Assigned task: Nothing in the data should change when you return it, but leave the pictures out.

The data:

○ ○ ○ ○ ○

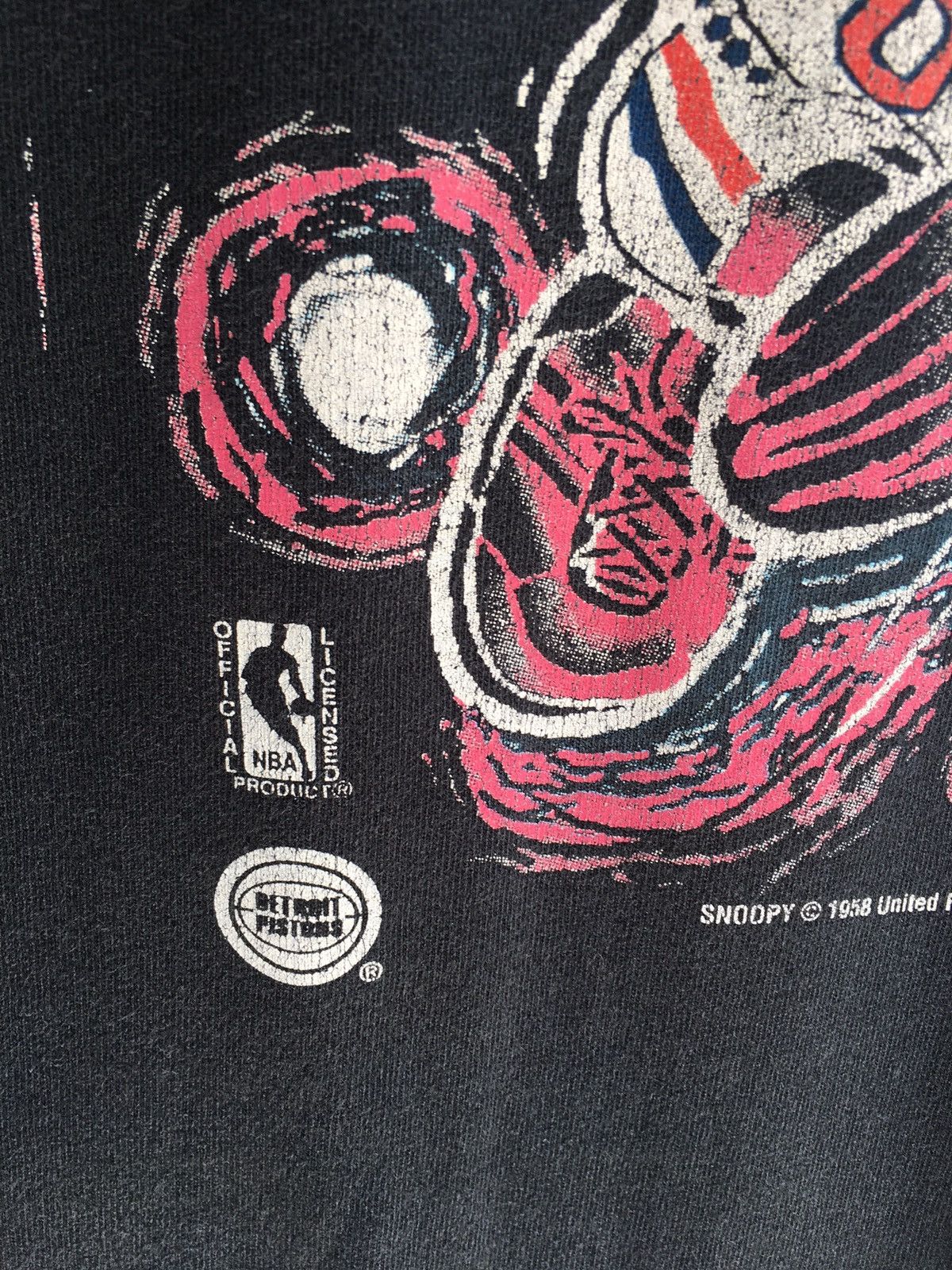 NBA Vintage 90s Detroit Pistons Snoopy Tshirt Size US XL / EU 56 / 4 - 8 Thumbnail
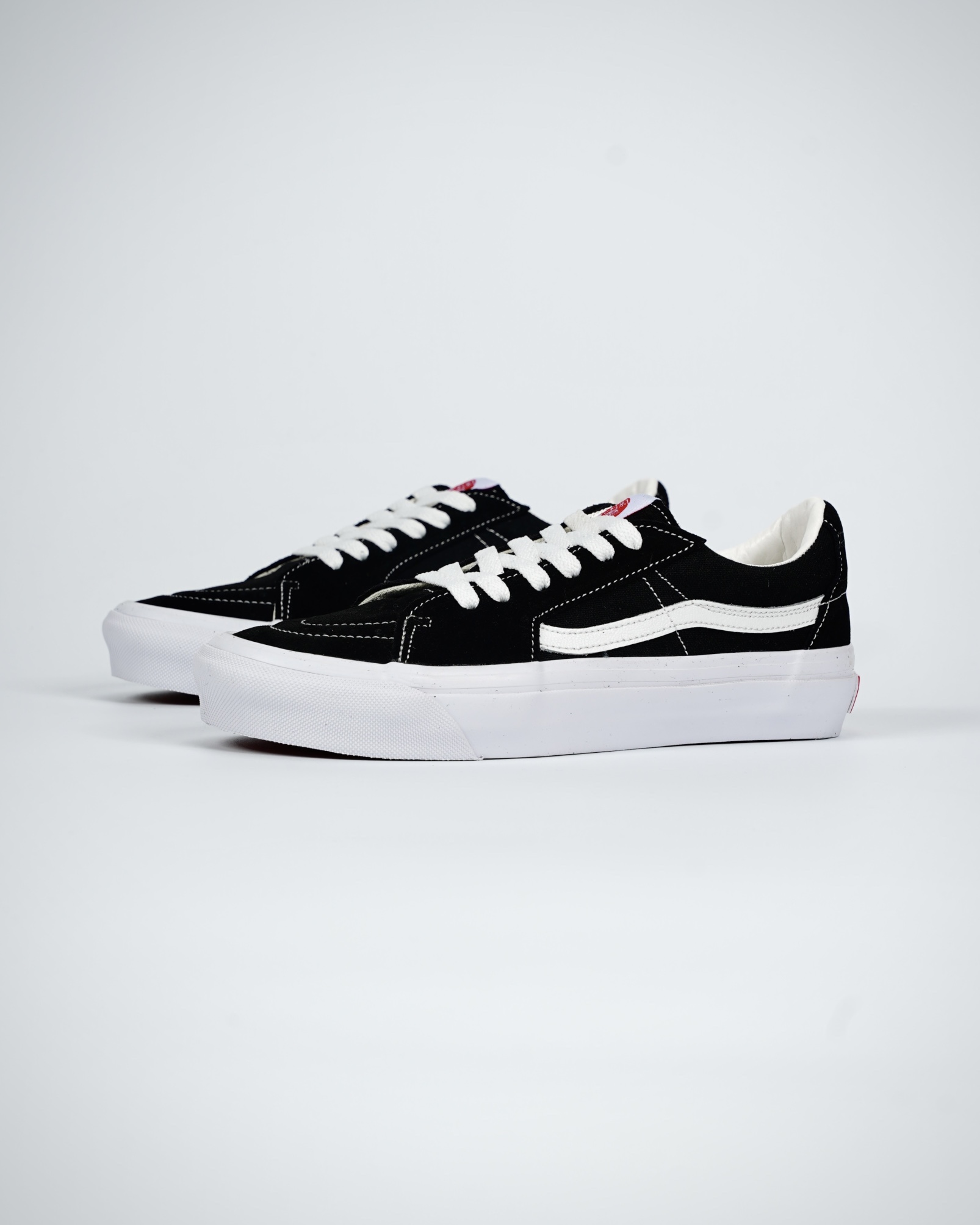 Vans Sk8-Low Mens Womens - Black/True White VN0A4UUK6BT-1 Shoes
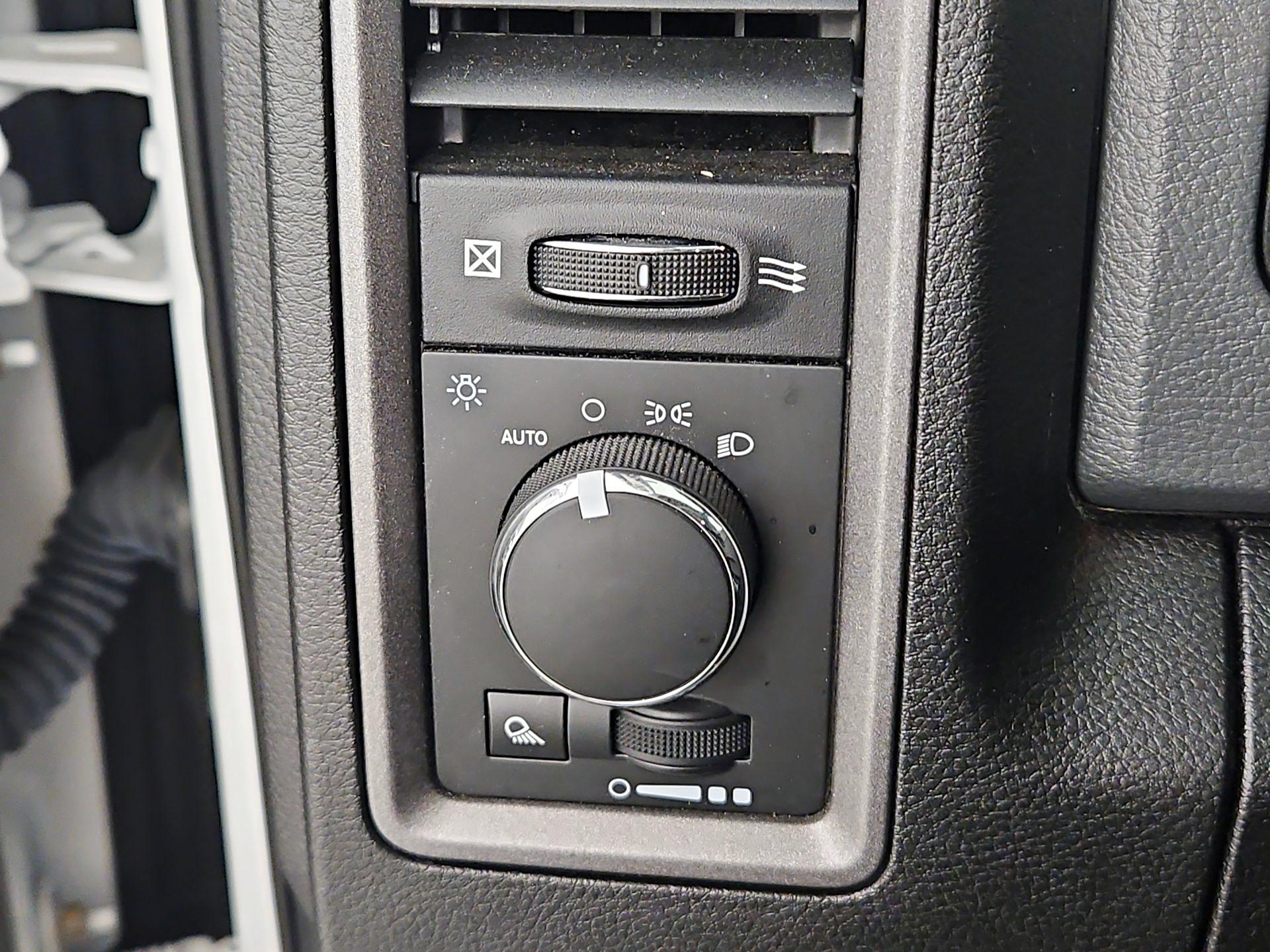 Thumbnail: 2020 RAM 1500 Classic - 13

○ ○ ○ ○ ○

Response for this exercise:
 NBA Vintage 90s Detroit Pistons Snoopy Tshirt Size US XL / EU 56 / 4 - 8 Thumbnail
 Vans Sk8-Low Mens Womens - Black/True White VN0A4UUK6BT-1 Shoes
 Thumbnail: 2020 RAM 1500 Classic - 13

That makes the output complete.